MATERIAL SHOWN |
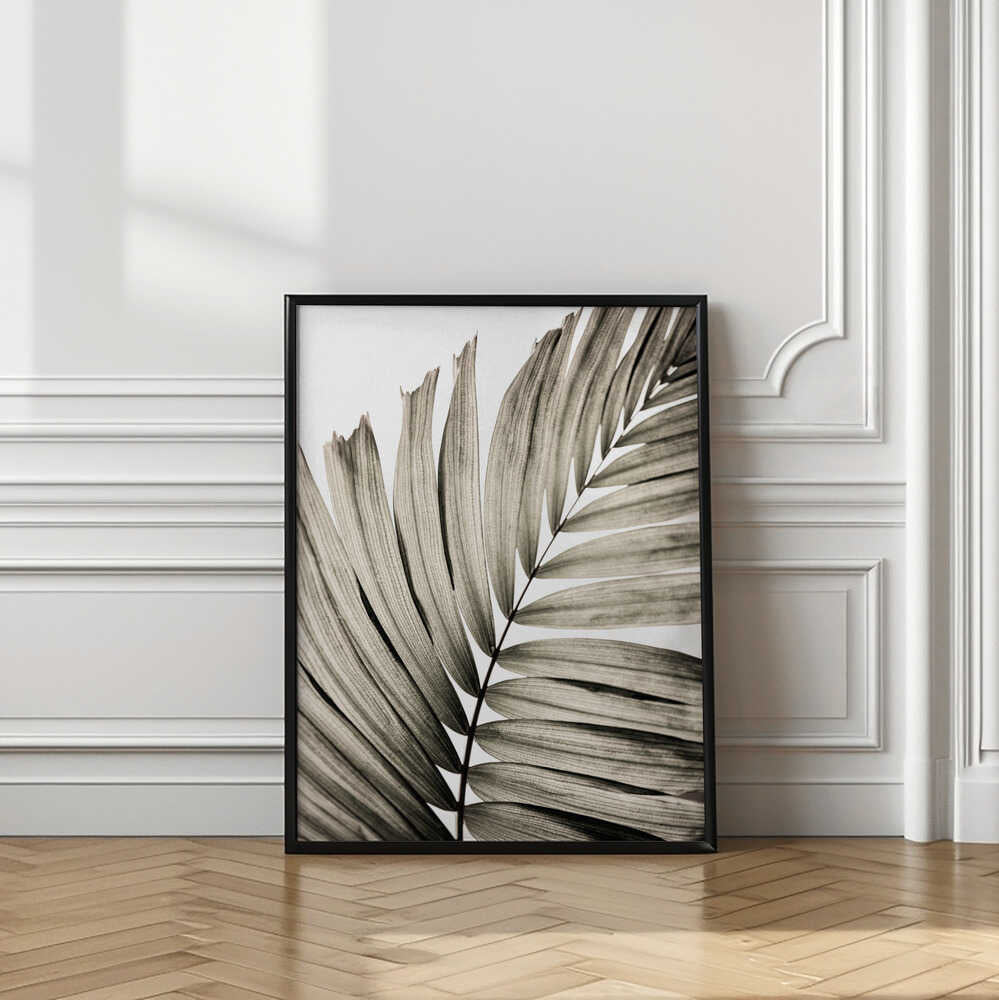 Abstract Palm Frond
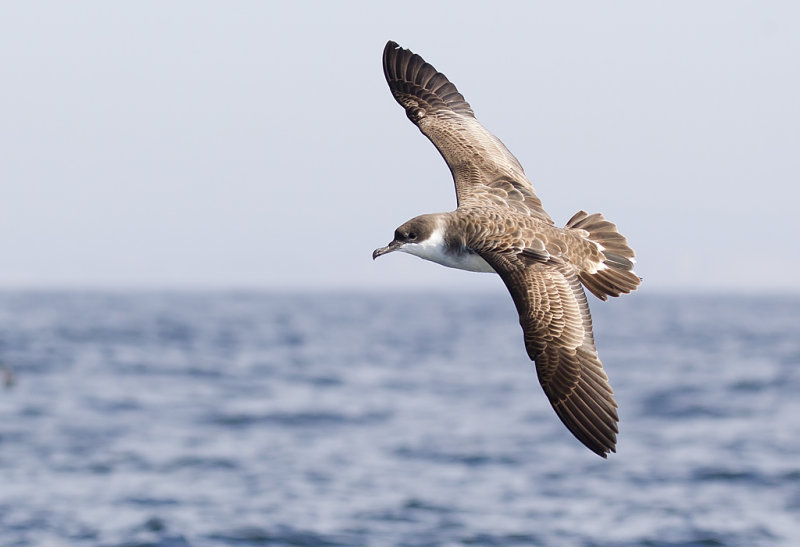 Great Shearwater ( Strre lira ) Puffinus gravis  - CP4P9436.jpg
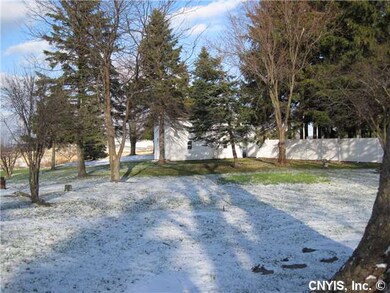 Yard/Garden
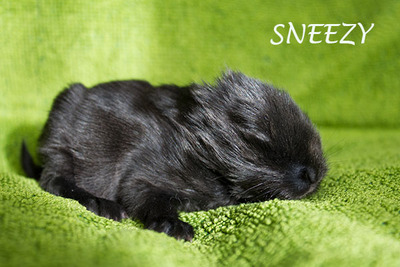 Sneezy conejo en adopción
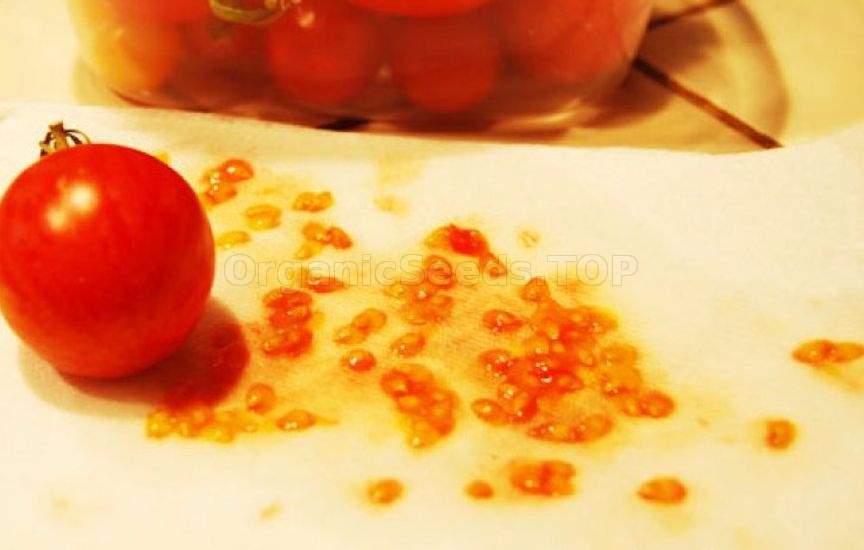 How to collect tomato seeds for planting yourself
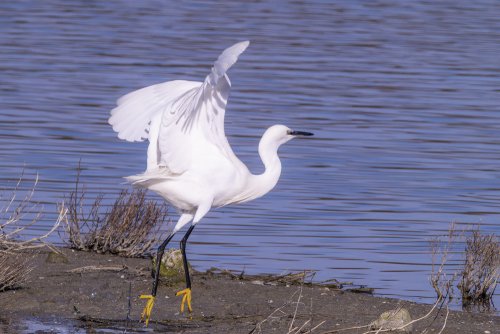 Aigrette garzette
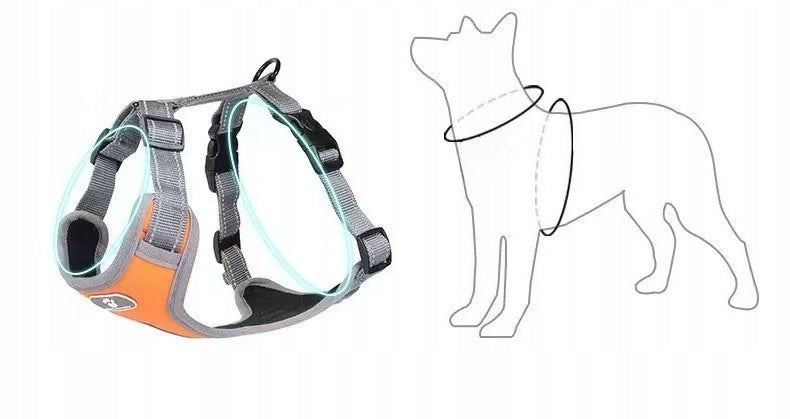 Dog Harness for Medium Giant Puppy Harness and Leash Set (Orange, M) Brand no brand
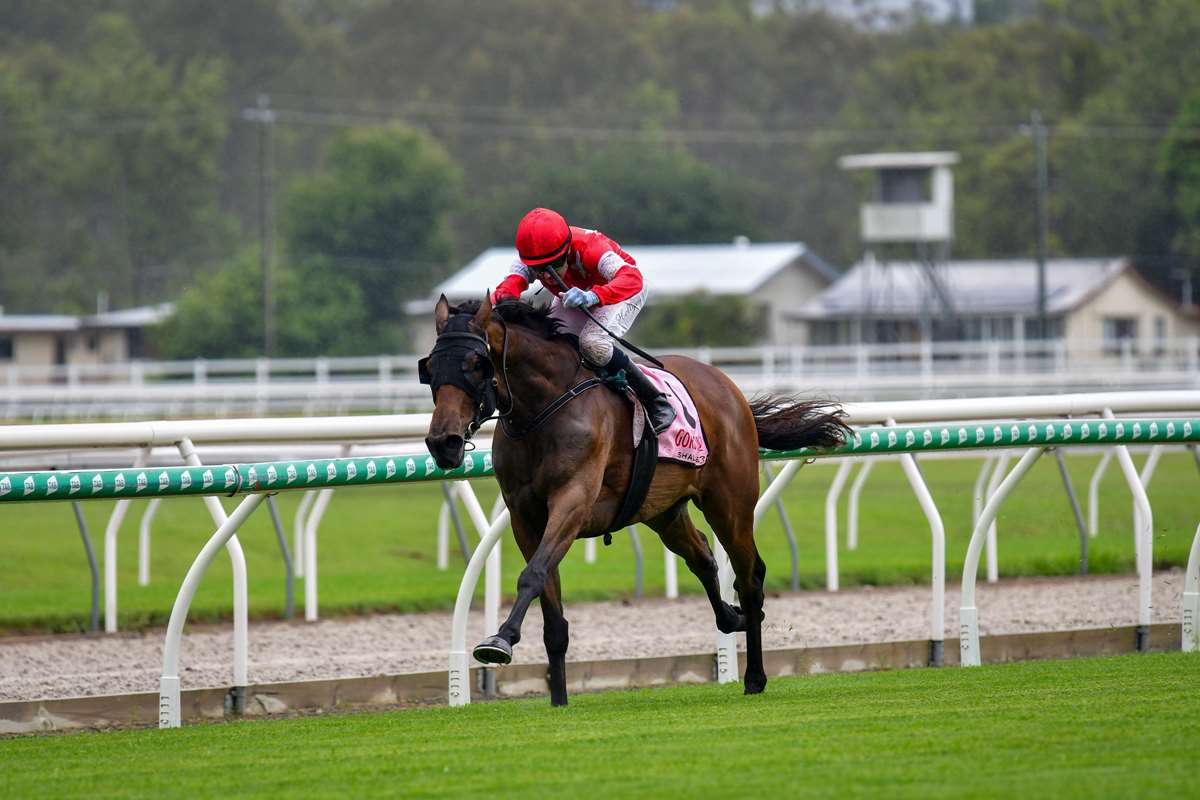 Jungle galloper jets off at Ipswich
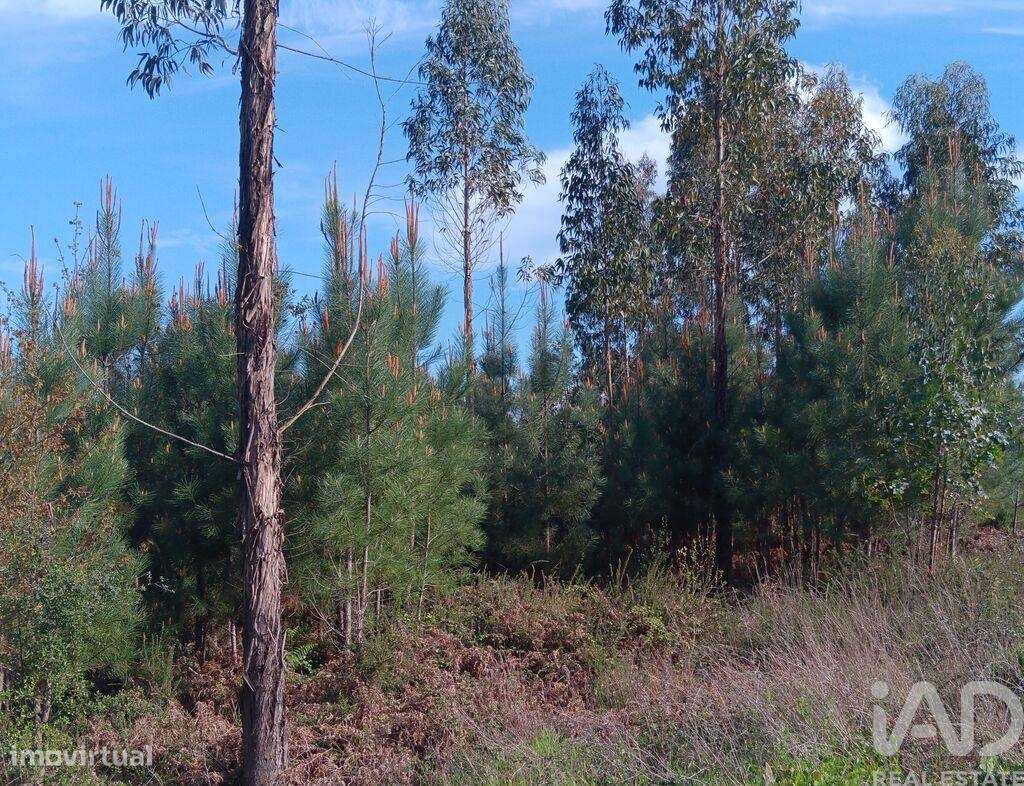 Terreno em Graça de 8120,00 m2 - Grande imagem: 4/30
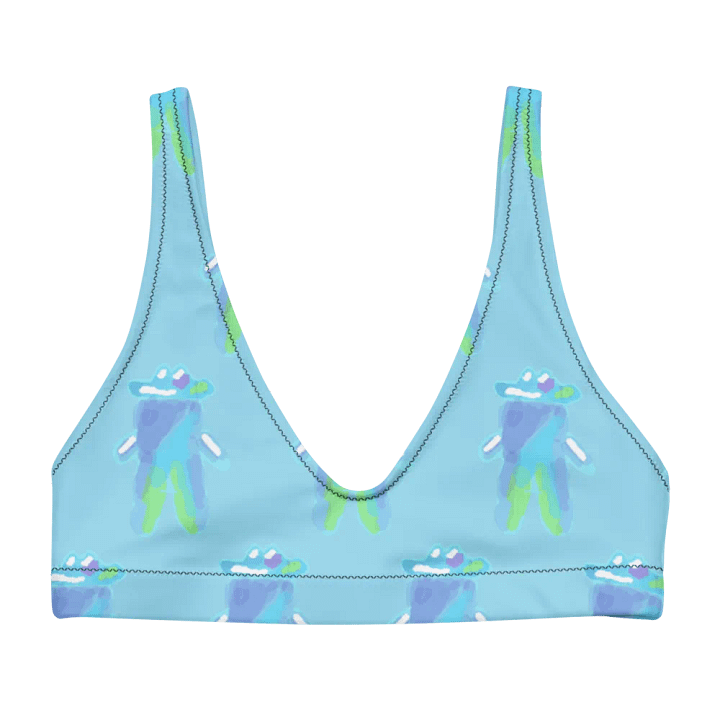 Bubble Buddy Bikini top product image (1)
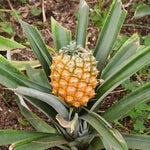 3 Gold Pineapple Plants Live for Growing 5 to 8 Inch Height, Sweet Pineapple Fruit Tree Live Plant Home Garden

PROBLEM DETAILS | Exactly the lines from the one containing "Terreno em Graça" through the last line of the data above should be output, both ends included, with every picture left out.

RESPONSE FOR THIS EXERCISE |
 Terreno em Graça de 8120,00 m2 - Grande imagem: 4/30
 Bubble Buddy Bikini top product image (1)
 3 Gold Pineapple Plants Live for Growing 5 to 8 Inch Height, Sweet Pineapple Fruit Tree Live Plant Home Garden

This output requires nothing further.